With regard to proposed §9.4262(g), arbitrator Michael Jacobs commented that although the proposed section "provides for the Arbitrator to receive a copy of materials submitted, the Arbitrator should be provided an earlier copy of the items described in Proposed Rule 9.4262(d) by certified mail, return receipt requested, simultaneously with the initial transmittal of the same to the Comptroller." In responding to this comment, the agency notes that §9.4262(f) and (g) were revised so that a dismissal phase is included in the process for comptroller review of the complaint before involving the arbitrator. Subsection (d) introduces and equates a request for removal with a "complaint." Proposed §9.4262(f) has been revised to provide that requests for removal "or complaints shall be dismissed" under four defined conditions, including that "the complaint is based on one or more substantive arbitration issues, including evidentiary considerations, and the resulting award." Proposed §9.4262(g) now provides that the "requestor/complainant" will be notified "whether the complaint or request is under review or dismissed." It is only if a complaint or request is not dismissed, but taken under review, that "all materials the requestor/complainant submitted will be forwarded electronically or by U.S. Postal Service or a private third-party service such as FedEx or United Parcel Service (UPS) so long as proof of delivery is provided, to the arbitrator who is the subject of the complaint or request, for a response." Proposed §9.4262(i) was revised to add: "If good cause for removal is not found after review, the request for removal will be denied and there is no appeal of this denial."

The Collin Central Appraisal District commented on proposed §9.4262(g) regarding removal of an arbitrator from the registry as follows: "Under the proposed rules, it states "within 30 calendar days after submission, the division will notify the requestor whether the request is accepted for review or denied." The requestor may have multiple cases scheduled with that arbitrator within the 30 calendar day window.
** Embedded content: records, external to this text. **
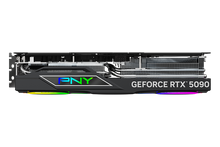 PNY EPIC-X RTX 5090 OC 32GB — 7
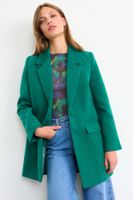 Chaqueton Verde Oliva iO 17220126001107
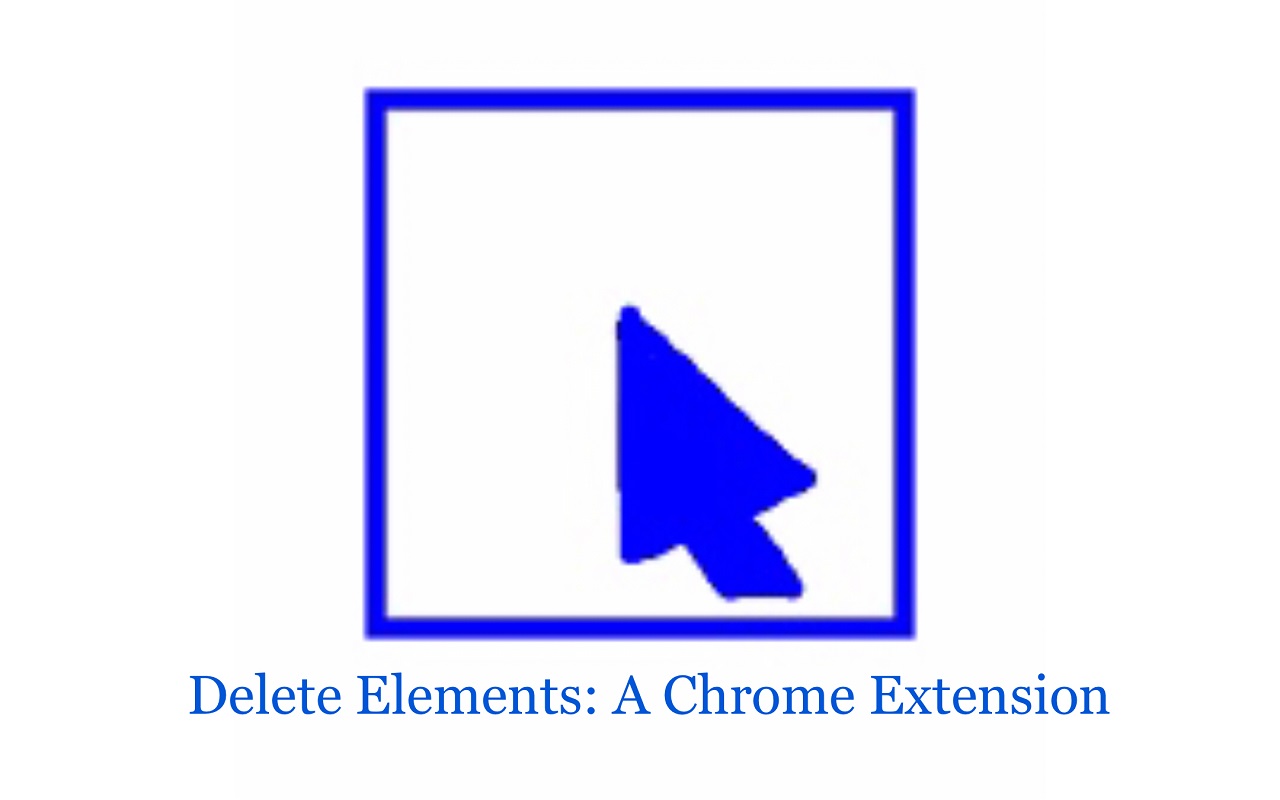 Delete Elements截图2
We believe that the 30 days should be decreased to 14 or have the rule address the issue. Additionally, consider a rule that puts the effected hearings on hold while the division considers/acts on the division's determination regarding the removal of the scheduled arbitrator." In responding to this comment, the agency notes there is no statutory authority to put pending hearings on hold. The agency further responds that it added adopted §9.4256(f) to provide that if a request for removal or complaint against an arbitrator has been filed under §9.4262 and is pending, it is in the discretion of the director of the Property Tax Assistance Division of the comptroller's office whether to appoint the arbitrator to a particular matter until the complaint is resolved. Arbitrator Loretta Higgins commented on proposed §9.4262(j) by recommending "that 'no appeal' should be struck" from the rule and instead provide for "one appeal to a panel of three arbitrators from the registry selected at random." Ms. Higgins provided a detailed appeal procedure. The agency responds that the procedure proposed would appear to be outside the scope of Chapter 41A, and therefore, no change was made in response to this comment. With regard to proposed §9.4262(b)(5), the Tarrant Appraisal District supported the removal of an arbitrator for repeated bias or misconduct as providing "a measure of accountability previously lacking." The appraisal district also agreed with proposed §9.4263, §9.4265, and §9.4266 with no further comment. No change was suggested and none was made in response to these comments.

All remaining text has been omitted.